KATE SEELYE, Frontline/World Producer, May 18, 2005
CZIKOWSKY: What is the breakdown of the Lebanese people according to what percentages belong to different religions? Do most people within the same religious group hold similar political beliefs? In sum, how large a role does religion play into whom Lebanese people believe should govern them?
SEELYE: The Shia make up the largest religious group at bout 40%. Then you have the Christians who make up about 33%. The remainder are Sunnis and Druze. The Lebanese do tend to relate along religious lines, although not exclusively. For instance, the Greek Orthodox and the Maronites tend to have very different political views, even though they are both Christian sects. The big challenge in Lebanon, now that it is free of Syrian control, is to encourage Lebanese to being identifying along national, rather than religious lines. That will entail the creation of national political parties that promote non-sectarian issues, such as employment for all, welfare for all, betting hosing for all, etc. Currently most Lebanese believe that only a leader of their own religion can be trusted to fight for their interests, so by and large Shia will vote for a Shai leader, a Maronite for a Maronite, etc. That needs to change and many Lebanese recognize that.
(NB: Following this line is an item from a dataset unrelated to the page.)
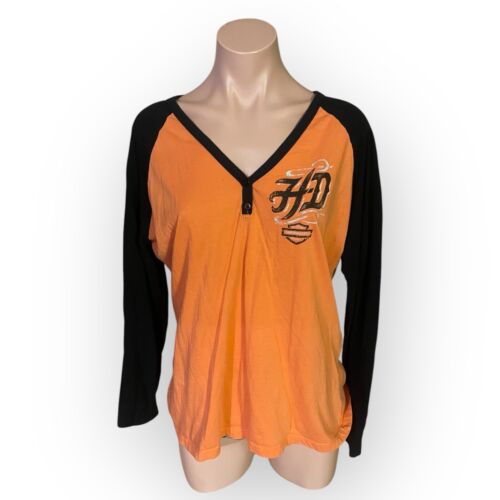 Harley-Davidson Women’s XL Black And Orange Long … - image 1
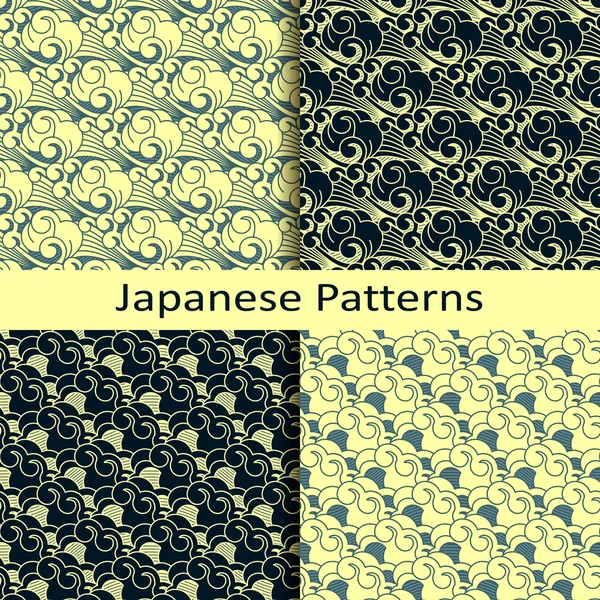 Set van vier Japanse patronen — Stockvector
PAUL MITCHELL, film producer-director, July 20, 2005
CZIKOWSKY: How deep are divisions between the various ethnic groups? Would you assess the divisions as resolvable, or do you see some taking perhaps a generation or two to overcome? Despite these divisions, do you see hope that various groups can eventually agree, given the right circumstances, to work together and avoid violence?
MITCHELL: The divisions between the groups are real, but it’s hard to say how long lasting. There are plenty of people who see themselves as Lebanese first, and members of their community second. And there are plenty more who don’t. What is interesting to me was the people of say 30-40 years old who spent a long time outside the country during way, they all tell you that OUTSIDE Lebanon, the differences tend to fade. But once they are back home…The most one can say at any given time that there is no violence now, not like 15 years ago.
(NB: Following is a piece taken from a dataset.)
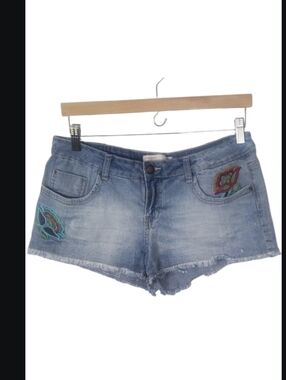 No Boundaries Embroided Floral Distressed Jean Shorts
FAWAZ GERGES, Sarah Lawrence College International Affairs and Middle Eastern Studies Professor, July 25, 2006
CZIKOWSKY: I read the arguments that Hezbollah can not be defeated because it is not just a small band of fighters, but it is a state of mind that is supported by a large number of people in Lebanon and other surrounding countries. Aren’t there other large scale states of mind? Aren’t there also large numbers of Muslims who want peace? If so, is their voice getting weaker or might it gain strength someday soon?
GERGES: There is a misunderstanding in Israel and the United States that Israel can defeat Hezbollah, or Party of God, on the battlefield and rid Lebanon of pro-Iranian Shiite’s militancy. Here are some facts to consider.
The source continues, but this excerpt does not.